Amazon Prime even allows us to get our precious items the day after we order them! And now with the birth of Amazon Logistics, we’ve even got better parcel tracking than before….. or do we. You see Amazon’s parcel tracking bar is nothing short of incomprehensible.

This was my tracking bar when I ordered my Jawbone Up3 at the start of this month. If you’re wondering just wtf any of it means then you’re not alone. What does the green bar mean? The black dot inside the bar? This was next day delivery so why is the area between dispatched and arriving so large? Also, why is the dot not at the end of the bar?

Oh yes, it got worse. The dot caught up with the end of the green bar (which had also moved to be nearer the empty circle. No indication as to what this means but I assumed that it was closer to being delivered to me?

And it’s not just me who has had issues. Twitter user @ozmills has had similar issues. He’s currently tracking his Amazon Alexa and is being shown this:

Excellent it’s on its way but…. what on earth does the green bar mean?! And its apparently arriving “on time”… but when is that?

True to form – I Googled to see if I could find out anything. The results were not great. Reddit posts asking the same question and that’s about it. Just confused users asking what the damn hell the Amazon tracking information means.

The worst example of the Amazon tracking was again found by @ozmills with this beautiful example of madness.
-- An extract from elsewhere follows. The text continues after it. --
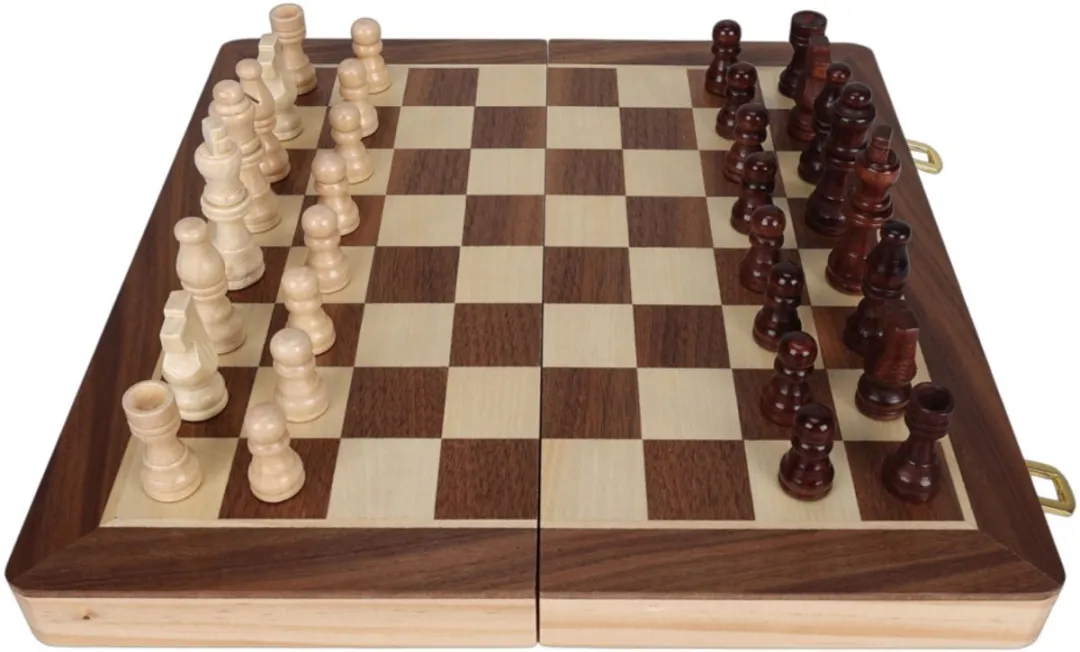 Clown Games Luxe Schaakset FSC-gecertificeerd Hout 2016777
Amazon did reply but not with anything useful.

This sort of fuzzy feedback was all well and good when Amazon was using Royal Mail to deliver items, your parcel was picked up from the depo and everything was just estimated based on the type of postage used. Fine. But when you’re doing next day delivery and Amazon Logistics, you expect more. DPD have very good tracking information down to being able to give you and hour slot when your parcel will arrive and even the name of the driver who would show up at your door! Hermes can tell you where it is, even Yodel, the worst delivery company in the universe, can tell you what’s going on roughly. Amazon’s offering is quite frankly poor. It’s poor design, poor UX, poor CX (customer experience), and poorly implemented.

I expected more of Amazon, and I’m sure many others did too.

We’ve reached out to Amazon asking if there’s plans to improve the delivery bar and as of publishing, haven’t received a response – we’ll update if we do.